Rozdział 42

318 28 37
                                    

   KOLEJNE DNI MIJAŁY spokojnie i Charlie z dużo większym zapałem zabrała się za sprzątanie Grimmauld Place. Długie godziny, spędzone po części na wyrzucaniu znienawidzonych pamiątek rodzinnych Syriusza, a po części na rozmowach z Viv i bliźniakami stały się dużo bardziej przyjemne, jak gdyby nocne posiedzenie u Freda i George'a wieczorem po odbahankowywaniu salonu zdjęło jej ogromny ciężar z piersi.

   Bo — Charlie musiała przed sobą przyznać — rzeczywiście tak było. Już od jakiegoś czasu chciała powiedzieć o swojej aseksualności bliźniakom, więc gdy tylko jej się to udało, poczuła niesamowitą ulgę. Tym bardziej biorąc pod uwagę, jaka była ich reakcja; potraktowali to jak coś zupełnie zwyczajnego, więc naprawdę nie mogła liczyć na nic lepszego.
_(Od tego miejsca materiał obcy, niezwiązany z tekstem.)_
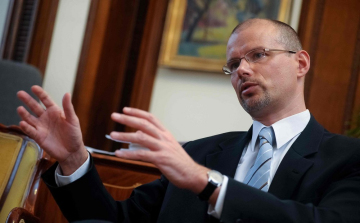 Átmeneti a költségvetés magas hiánya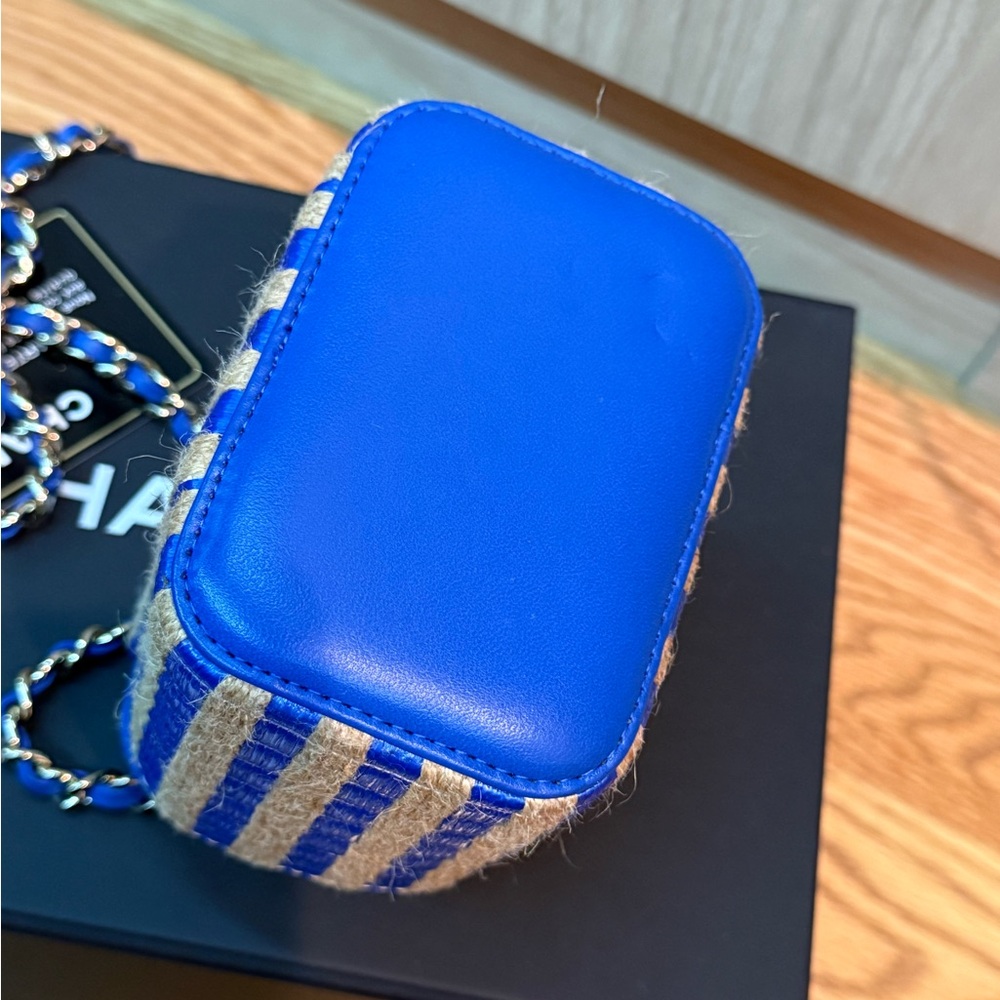 CHANEL Raffia Striped mini vanity Bag crossbody - Picture 7 of 8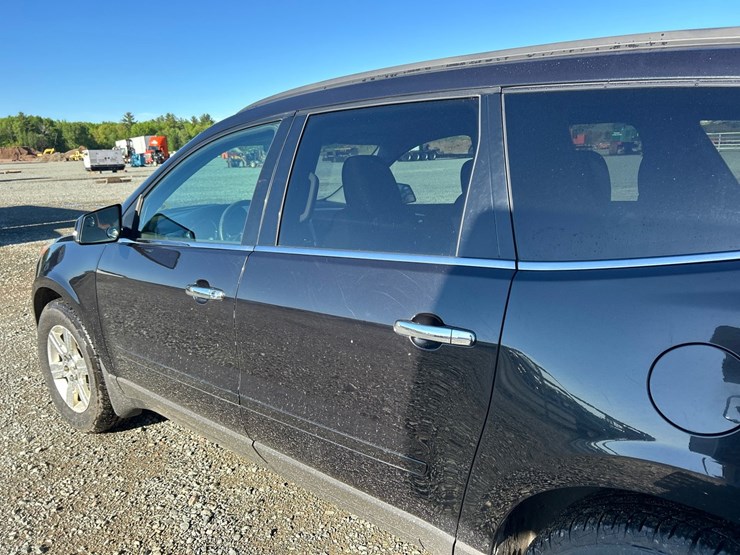 2012-chevrolet-traverse-image-18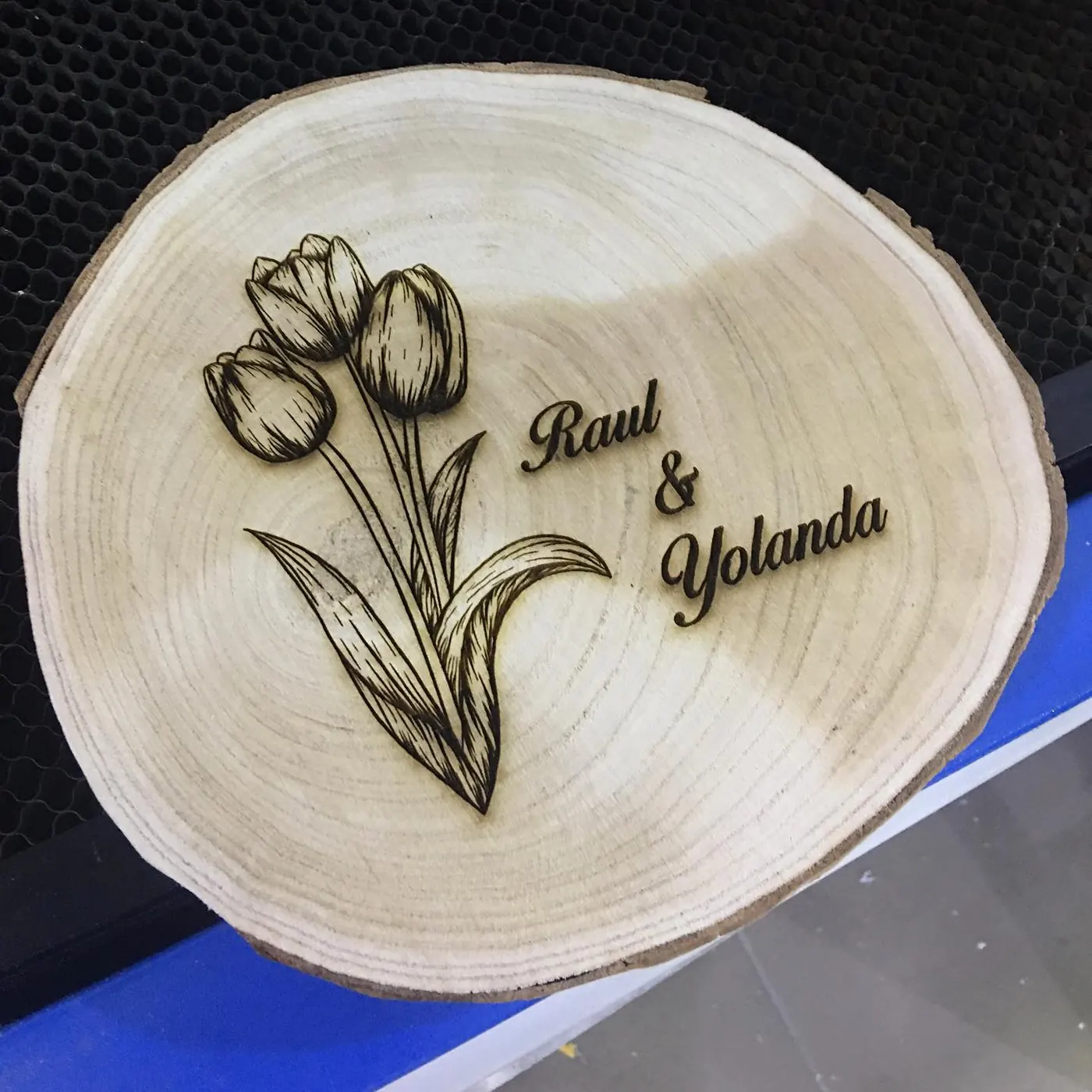 Rodaja de madera grabada con láser para boda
   Z ulgą też zauważyła, że póki co nie miała kolejnych koszmarów. Ten ostatni, ze śmiercią jej i Cedrika, mimo że był najgorszy z wszystkich dotychczasowych snów, jak na razie nie miał godnego — ani żadnego, na szczęście — następcy. Nie powstrzymywało jej to jednak od rozmawiania długo w noc z Viv i z bliźniakami, mimowolnie próbując jak najbardziej odsunąć od siebie moment zaśnięcia. Ten strach może i był nieco irracjonalny, ale sposób radzenia sobie z nim uważała za całkiem przyjemny; z przyjaciółmi mogła spędzać całe godziny nawet i bez takiej wymówki.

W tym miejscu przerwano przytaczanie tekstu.